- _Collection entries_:
*** Block opens ***

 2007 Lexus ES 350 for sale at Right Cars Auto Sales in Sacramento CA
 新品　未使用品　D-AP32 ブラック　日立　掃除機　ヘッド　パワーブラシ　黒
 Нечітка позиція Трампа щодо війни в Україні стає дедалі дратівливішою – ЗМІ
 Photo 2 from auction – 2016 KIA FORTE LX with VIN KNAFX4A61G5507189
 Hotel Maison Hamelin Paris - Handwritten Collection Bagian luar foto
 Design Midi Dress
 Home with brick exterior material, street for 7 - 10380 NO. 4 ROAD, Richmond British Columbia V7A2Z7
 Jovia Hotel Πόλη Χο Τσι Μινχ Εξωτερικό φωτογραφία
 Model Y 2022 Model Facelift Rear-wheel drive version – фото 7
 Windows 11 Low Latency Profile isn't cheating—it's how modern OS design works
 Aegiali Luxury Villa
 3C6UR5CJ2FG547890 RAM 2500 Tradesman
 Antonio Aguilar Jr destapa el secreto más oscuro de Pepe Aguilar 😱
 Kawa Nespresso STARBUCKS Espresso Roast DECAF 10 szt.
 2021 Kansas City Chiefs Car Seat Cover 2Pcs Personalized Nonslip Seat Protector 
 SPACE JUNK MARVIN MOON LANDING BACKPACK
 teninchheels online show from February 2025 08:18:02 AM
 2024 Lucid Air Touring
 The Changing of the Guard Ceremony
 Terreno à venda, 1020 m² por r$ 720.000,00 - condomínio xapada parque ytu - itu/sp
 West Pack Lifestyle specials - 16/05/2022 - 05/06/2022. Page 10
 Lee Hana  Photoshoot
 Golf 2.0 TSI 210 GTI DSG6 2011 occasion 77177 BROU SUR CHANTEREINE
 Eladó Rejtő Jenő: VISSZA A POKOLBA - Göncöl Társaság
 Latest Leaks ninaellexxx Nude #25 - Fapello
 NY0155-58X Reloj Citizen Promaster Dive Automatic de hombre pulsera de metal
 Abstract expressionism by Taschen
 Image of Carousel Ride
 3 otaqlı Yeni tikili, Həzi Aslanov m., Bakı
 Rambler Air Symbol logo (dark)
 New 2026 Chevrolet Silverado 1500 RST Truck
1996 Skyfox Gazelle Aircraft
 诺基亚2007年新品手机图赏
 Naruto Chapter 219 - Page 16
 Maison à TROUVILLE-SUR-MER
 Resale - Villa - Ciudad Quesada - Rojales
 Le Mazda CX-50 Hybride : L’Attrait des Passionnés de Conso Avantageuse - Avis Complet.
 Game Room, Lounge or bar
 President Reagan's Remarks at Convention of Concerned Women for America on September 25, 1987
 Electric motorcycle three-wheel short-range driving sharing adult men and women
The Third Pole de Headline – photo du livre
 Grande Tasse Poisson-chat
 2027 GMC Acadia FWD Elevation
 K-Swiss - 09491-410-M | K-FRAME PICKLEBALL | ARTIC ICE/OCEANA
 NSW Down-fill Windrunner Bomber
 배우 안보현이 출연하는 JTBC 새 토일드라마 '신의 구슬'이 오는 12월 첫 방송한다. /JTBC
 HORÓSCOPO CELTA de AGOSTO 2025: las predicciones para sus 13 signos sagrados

*** Block closes ***

- _The task_:
Your reply is to repeat, unchanged, the lines above running from the one with "Eladó Rejtő Jenő: VISSZA" up to and including the one with "Maison à TROUVILLE-SUR-MER".

- _Answer to the exercise_:
 Eladó Rejtő Jenő: VISSZA A POKOLBA - Göncöl Társaság
 Latest Leaks ninaellexxx Nude #25 - Fapello
 NY0155-58X Reloj Citizen Promaster Dive Automatic de hombre pulsera de metal
 Abstract expressionism by Taschen
 Image of Carousel Ride
 3 otaqlı Yeni tikili, Həzi Aslanov m., Bakı
 Rambler Air Symbol logo (dark)
 New 2026 Chevrolet Silverado 1500 RST Truck
1996 Skyfox Gazelle Aircraft
 诺基亚2007年新品手机图赏
 Naruto Chapter 219 - Page 16
 Maison à TROUVILLE-SUR-MER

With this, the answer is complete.